He would have other children to play with, at least during school hours, and a bus to ride from his home that would offer a tour of the town and a path to the homes of these other children, so he might find some who were accessible by foot. His parents would not be fond of him walking out alone, but if the other child met him part way, or the parents looked out for his arrival, it just might be negotiated. There were possibilities, definitely. Of the learning, he had no fear. His time alone had been spent with books, and he could read well enough to impress the teacher during his readiness test. School would be about others, he knew, about meeting them, befriending them, finding his likeness so he would no longer be alone in the world.
When Isaiah stepped up onto the school bus on that very first morning, he saw that one child had been picked up before him. She sat all the way in the back, her back straight, her dark head turned towards the window, facing the rising sun. Her huge sunglasses reflected the light from the same, and a star-shaped glare kicked off the lenses and nearly blinded Isaiah as he walked confidently to take the seat across from her. She paid him no mind, even as he stared at her in a way that could only be felt.
Hi,
he offered, gesturing a greeting with his open hand with the hope that it might catch her attention. Her hair was dark like his mother’s, with streaks like the color of walnut shells adding a shine to it. He could almost see behind those giant lenses but not quite, so he squinted and leaned closer.
What in the Sam Hill do you think you’re doing?
Her voice startled him into an upright position and he found himself staring straight into those dark ovals, close enough to actually see her eyes behind them.
Why’re you wearing those sunglasses? You got something wrong with your eyes?
He watched those eyes blink, blink again, as if she hadn’t been expecting such a direct response. She turned her head slightly towards the front of the bus, then back to face him, and pushed the glasses up onto the top of her head. Isaiah couldn’t help but suck in a breath at what he saw.
The blue-gray of her eyes was overwhelmed by the yellow and purple bruises that seeped into the hollows underneath them. They stared at each other, and Isaiah felt his mouth fell open. It was rude, his mother would say, to leave his mouth open, staring like someone simple, but there it was.
There she was. She might be beat up but this girl was someone tough.
What did you do to get that?
He swallowed after he asked and rubbed his lips together. There was no telling when another child would be collected and he had a certain feeling that once they had company she would stop talking. He was right. The girl dropped the glasses back onto her nose and turned her head to face the front of the bus.

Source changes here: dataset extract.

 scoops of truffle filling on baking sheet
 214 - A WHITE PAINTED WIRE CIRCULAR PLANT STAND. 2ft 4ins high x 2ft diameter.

"Never mind that. There’s a reason why it’s called my business."
The bus had slowed gradually but Isaiah hadn’t noticed. It was hard to notice much with the girl right there, but she grew quiet and stopped paying him any mind as a group of three girls clomped loudly up the bus steps, laughing and squealing over God only knew what at this time of day. Excited about school, he imagined, but that wasn’t any reason to act like a bunch of old chickens.
The girl made a noise somewhere between a sigh and a grunt.
Chickens got better sense.
Isaiah cringed, his shoulders squeezing up towards his ears. He must have said that bit about chickens out loud, and wouldn’t his mother be ashamed of his lack of manners? When he looked up, she was staring at him, a smile small and still at one corner of her lips.
Locklyn. Locklyn Gaines. You can call me Lock if you want, but not Lyn. Never Lyn.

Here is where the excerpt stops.